Many resources of interest are also given external identifiers, such as accession numbers for objects, ORCIDs for people or groups, lot numbers for auctions, and so forth. Identifiers are represented in a very similar way to names, but instead use the Identifier class. Identifiers will normally have a classification determining which sort of identifier it is, to distinguish between internal repository system assigned numbers from museum assigned accession numbers, for example.

As Identifiers and Names use the same `identified_by` property, the JSON will frequently have mixed classes in the array.
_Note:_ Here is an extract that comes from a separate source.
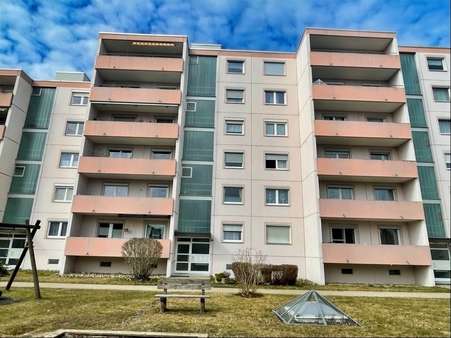 null - Erdgeschosswohnung in 78112 St. Georgen mit 104m² kaufen
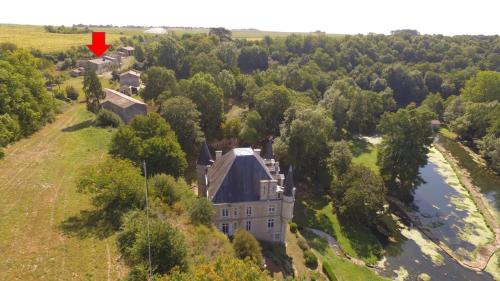 La Maison du Gardien Domaine du Château des Loups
Unlike Names, Identifiers are not part of human language and thus cannot have translations or a language associated with them.

--- 
    
[Back to build menu](#build)

In [71]:
def objId(obj, baseURI, irn, titAccessionNo):
    artwork = {}       
    artwork["identified_by"] = []          
    artwork["identified_by"].append({
        "id": baseURI + "object/" + irn + "/irn",
        "type": "Identifier",
        "_label": "PMA Object Number",
        "content": irn,
        "classified_as": [{
            "id": "http://vocab.getty.edu/aat/300404621",
            "type": "Type",
            "_label": "repository numbers"
                        }]
                }) 
    if titAccessionNo != "":
        artwork["identified_by"].append({
        "id": baseURI + "object/" + irn + "/object-number",
        "type": "Identifier",
        "_label": "IMA at Newfields Object Number for the Object",
        "content": titAccessionNo,
        "classified_as": [{
            "id": "http://vocab.getty.edu/aat/300312355",
            "type": "Type",
            "_label": "accession numbers"
                        }]
                })
        
    return artwork

In [72]:
allObjects = csv.DictReader(open(file, mode='r',encoding='utf-8'))

for obj in allObjects:
    irn = obj["Object Number"]
    id = getObjDesc(obj, "id")
    
    all_linkedart[irn].update(id) 
print(json.dumps(id,indent=2))   

{
  "identified_by": [
    {
      "id": "https://philamuseum.org/collection/object/object/testq/irn",
      "type": "Identifier",
      "_label": "PMA Object Number",
      "content": "testq",
      "classified_as": [
        {
          "id": "http://vocab.getty.edu/aat/300404621",
          "type": "Type",
          "_label": "repository numbers"
        }
      ]
    }
  ]
}


### 4.3 Names <a id="name"/>

[Linked Art Data Model documentation](https://linked.art/model/base/#names)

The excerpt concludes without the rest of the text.